To no surprise, some Wikipedia pages are edited more frequently than others. The site tracks all revisions, and a quick look at Wikipedia’s own revision report page shows that some articles are constant Wikipedia war zones.
Below are the site’s most edited pages, ranked by number of edits as of this morning. Included are both articles and Talk pages, which are pages for users to discuss changes being made to a certain article. The list does not include administrative pages, which are frequently edited as well. The list:
- George W. Bush (45,777 edits)
- Talk: Barack Obama (44,173 edits)
- List of WWE Personnel (42,102 edits)
- United States (35,283 edits)
- Talk: Global Warming (34,150 edits)
- Wikipedia (33,849 edits)
- Talk: Intelligent Design (30,246)
- Talk: Sarah Palin (28,358 edits)
- Michael Jackson (28,042 edits)
- Jesus (27,732 edits)
- Talk: United States (26,328 edits)
- Catholic Church (25,948 edits)
- Talk: Jesus (25,885 edits)
- List of Programs Broadcasted By ABS-CBN (24,995 edits)
- Talk: Gaza War (24,677 edits)
- Barack Obama (24,564 edits)
- Adolf Hitler (24,501 edits)
- Britney Spears (23,739 edits)
- World War II (23,628 edits)
- Talk: Gamergate Controversy (23,163 edits)

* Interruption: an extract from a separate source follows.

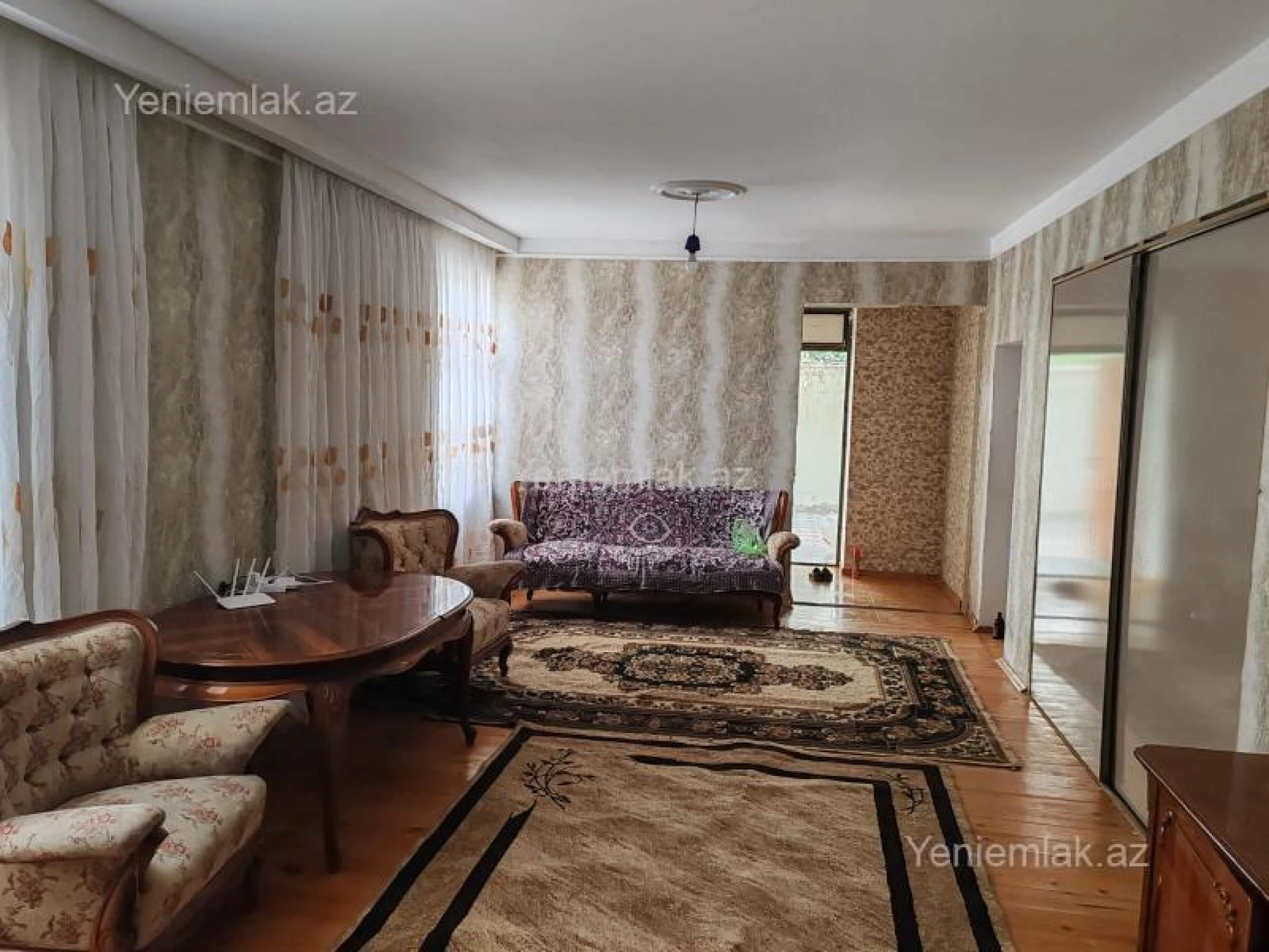 Satılır 4 otaqlı həyət evi 200 m²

One could look at this list and attribute many of the pages’ presences to the fact that there is a lot going on with the subjects and their pages require a lot of edits simply to keep the information up to date. After serving two full terms as president, for example, there is certainly a lot of necessary information about George W. Bush, whose page is the most edited. But a closer look at the revision history of his page shows the edits aren’t all coming from users simply keeping information updated for our preservation of history.
Today, six years after his reign as president ended, the George W. Bush Wikipedia article is still seeing daily edits that are nit-picky in nature and essentially miniature Wikipedia wars. The majority of the edits make the subject look better or worse and are clearly rooted in users’ own opinions about him. Nearly every other revision is someone reverting the page back to an earlier version in order to eliminate a new edit.
The notion that the most edited pages see so many revisions, not because they necessarily need them but because there are a lot of people with strong opinions on them, becomes even clearer when considering the list of top pages as a whole. Nearly every article is related to religion or politics, which are perhaps the two most debated topics worldwide. The U.S. politicians included on the list have served while the country is more polarized than ever and have both extremely loyal followers and adamant protesters.
Wikipedia’s editing culture undeniably speaks to what we find controversial, but it’s important to remember that the facts are not compromised. There are moderators keeping the pages accurate, and when someone vandalizes or sways content too far in one direction, well, someone on the other side will always come along and correct it.